Set down word for word each line from the one containing "Canada Percent of" through the end of the records, both included. Do not copy any pictures.

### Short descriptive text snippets
--*--

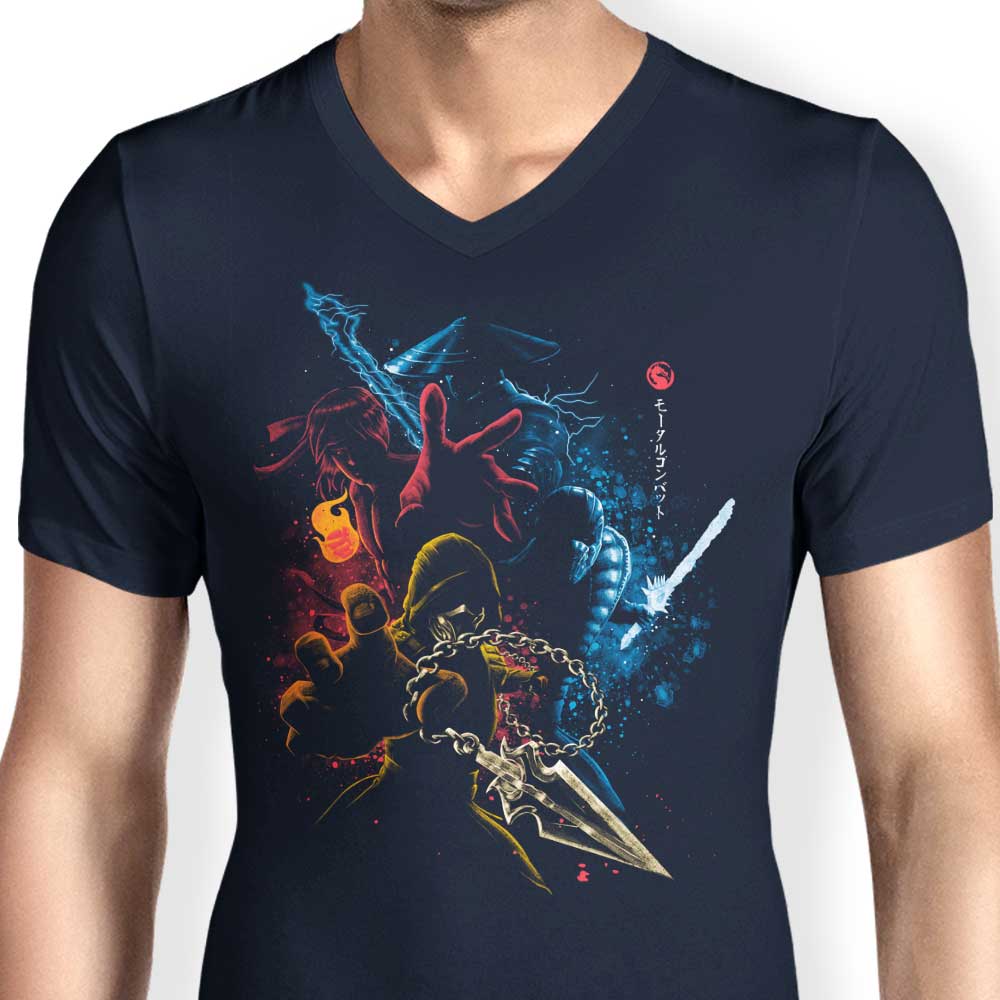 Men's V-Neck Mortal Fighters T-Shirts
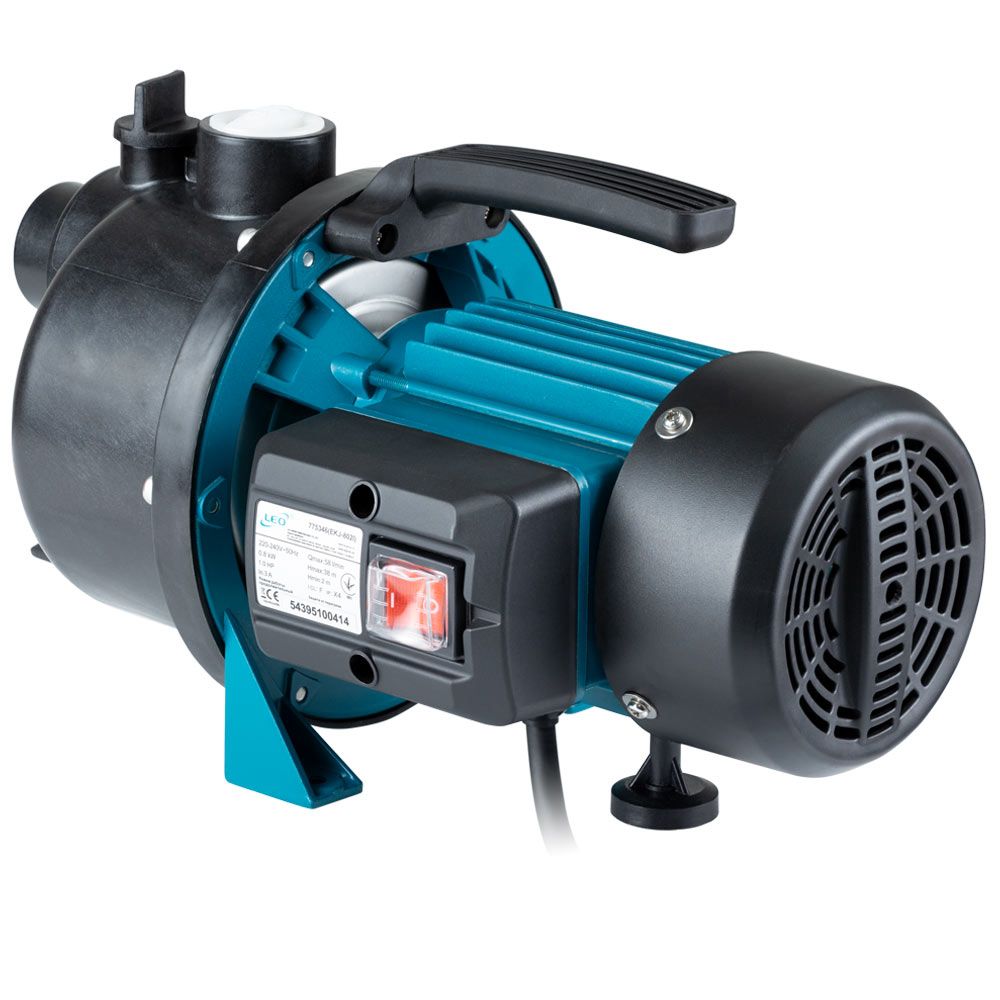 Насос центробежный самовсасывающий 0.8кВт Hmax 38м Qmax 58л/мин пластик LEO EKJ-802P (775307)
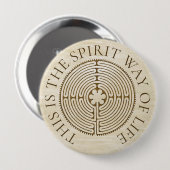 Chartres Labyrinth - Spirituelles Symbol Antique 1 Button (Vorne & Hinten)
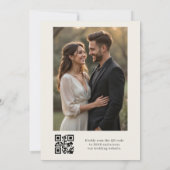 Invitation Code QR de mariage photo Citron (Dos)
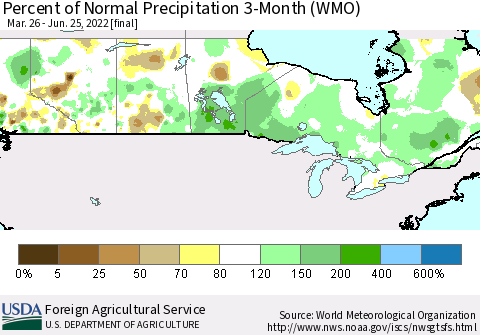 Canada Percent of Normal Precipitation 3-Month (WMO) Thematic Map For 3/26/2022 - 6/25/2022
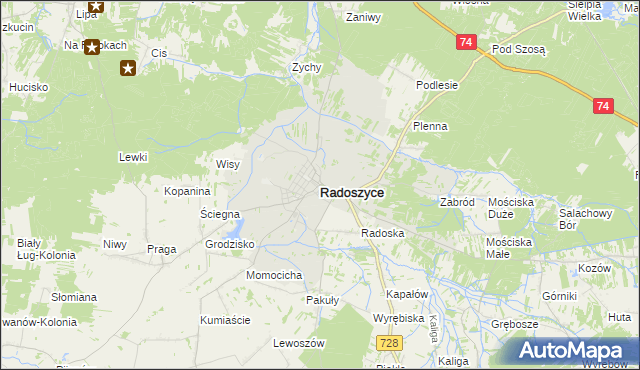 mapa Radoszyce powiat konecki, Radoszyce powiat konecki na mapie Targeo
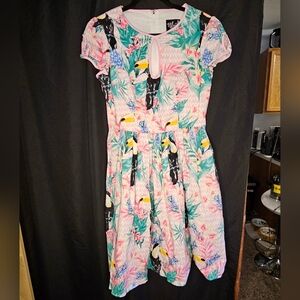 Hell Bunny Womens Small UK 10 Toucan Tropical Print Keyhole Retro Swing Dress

--*--

### Result of this exercise
 Canada Percent of Normal Precipitation 3-Month (WMO) Thematic Map For 3/26/2022 - 6/25/2022
 mapa Radoszyce powiat konecki, Radoszyce powiat konecki na mapie Targeo
 Hell Bunny Womens Small UK 10 Toucan Tropical Print Keyhole Retro Swing Dress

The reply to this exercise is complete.